Well that is a whack of wood to cut in a year! Used behind something heavier than an atv I think those trailers are pretty good. $11k divided by 200 cords is still $55/cord but it does sound good, being able to move logs that easy. There are certainly worse things to spend money on thats for sure! And I guess when you figure what it would cost to heat all those buildings without wood then $11k isn't that much.


----------



## windthrown (Mar 11, 2009)

Ba ha ha ha! Now we are up to $26k for a used Bobcat? $35k new? 

Man, get a real 4WD tractor for that kind of money. A good L series Kubota or a JD with a roll cage and a bucket and tooth bar and fork lift brackets. I did a lot of logging and clearing with a Kubota 4WD. Dragging trees, knocking over snags, loading and such. Then put a tooth bar on the bucket and rip up the blackberries, grade and rock roads, dig and place culverts, etc. 

You need bigger size with logging. A little Bobcat is good for building houses with and loading in a factory and in tight situations. Out in the woods I want a larger tool to do the job. And at that price for a Bobcat, holy :censored:!!! I can hear the JD and Kubota tractors calling to me.


----------



## windthrown (Mar 11, 2009)

*$15k gets you this...*

This is on CL today, $15k. 50HP L series Kubota with a box scraper and a bucket setup. Good hauling and loading ability. I used one of these and a larger M series Kubota to manage a 105 acre sheep ranch and 85 acre timber stand with. It did the job and then some. For logging the smaller L series 4WD did the job, as well as grading the roads in and out of the areas that we were falling logs and thinning. It was hard on my knees after a few hours of operating. But that thing can haul a lot w/o a trailer rig. Just drag them with chains. 

http://portland.craigslist.org/clk/grd/1064896212.html


----------



## sneno77 (Mar 11, 2009)

Wow...definately some cool tools/ideas out there. I love the Kubota stuff, but that Toolcat is pretty sweet. The main reason I wanted something smaller is to manuver around in crowded timber and navigate roads/trails that may not be accessable to full sized vehicles/equipment. My FIL has a new 50+ hp Kubota tractor w/ the Farmi wench, brush grapple, and other acc. It's definately very handy around the house, but taking it up into the woods isn't too practical. Thanks for all the thoughts and ideas on my quest to make my wood gathering more efficient.:greenchainsaw:


----------



## milkie62 (Mar 12, 2009)

I am using a 1980 Kubota L305 4wd and loader.The engine is only 79 ci and in the low 20 hp range.My trailer is 46"x84" long with 18" sides.The tractor weighs around 2000 lbs plus loaded rears.This setup is fine for level and small grades but I need to drop it down to granny gear to get up one steep hill on my property.This tractor is equal in size to a Ford 8n but with alot less power.I think an ideal woodlot tractor would be around a 125 ci 4wd tractor that weighed about 3000lb before loading the tires


----------



## windthrown (Mar 12, 2009)

sneno77 said:


> Wow...definately some cool tools/ideas out there.
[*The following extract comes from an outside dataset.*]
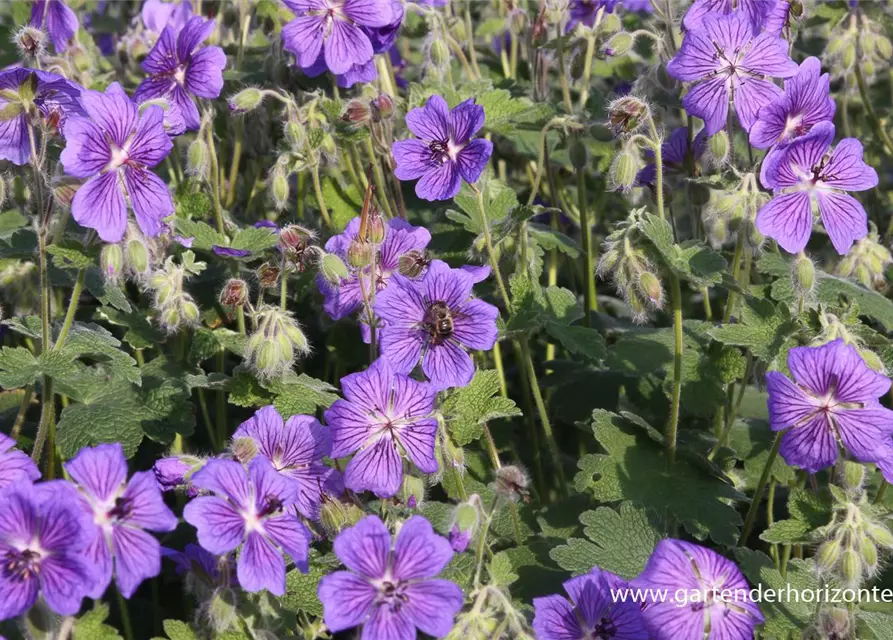 Garten-Storchschnabel 'Terre Franche'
I love the Kubota stuff, but that Toolcat is pretty sweet. The main reason I wanted something smaller is to manuver around in crowded timber and navigate roads/trails that may not be accessable to full sized vehicles/equipment. My FIL has a new 50+ hp Kubota tractor w/ the Farmi wench, brush grapple, and other acc. It's definately very handy around the house, but taking it up into the woods isn't too practical. Thanks for all the thoughts and ideas on my quest to make my wood gathering more efficient.:greenchainsaw:



Well, one huge difference I see between the Bobcat and the Kubota is ground clearance. Having run over many many many many stumps and sworn many times after not seeing them all, I would recommend something with more than the Bobcat has. Small tires, low clearance... means trouble in the woods.


----------



## IndyIan (Mar 12, 2009)

I agree with windthrown, the toolcat is neat but too much weight with not enough tire for woods adventures. 
What do real skidders run for tire pressures? 10-8 psi? probably even less. I run like 3.5 psi or less on my atv. Sometimes the tires look pretty funny but they stay on the rim and I'm not going fast. 
A kubota like the one shown with a logging winch is a pretty good substitute for a skidder for personal use. I'd get something like that with a wagon frame and then you can haul a few tons at a time.
Ian


----------



## sawinredneck (Mar 12, 2009)

Well this has been interesting?:help:

It seems you are not afraid of spending money to get the "right equipment. So how about a completly differnet idea?
My scnario: I cut 100 miles from home, I have an F150 and a 16" trailer. I have worn out more help than you can imagine! I have 80 acres of heavily wooded Oak that we carried out by hand. I needed to be able to do this by myself and CAN NOT leave ANYTHING out there! If they can't steal it, they would destroy it!
My solution came increadibly easy!!

http://www.arboristsite.com/attachment.php?attachmentid=92620&stc=1&d=1236880305

And does what I need VERY well!
http://www.arboristsite.com/attachment.php?attachmentid=92621&stc=1&d=1236880434

This was a used machine, 1400 hrs (I can work on it) with the bucket and grapple $4250 delivered to my door.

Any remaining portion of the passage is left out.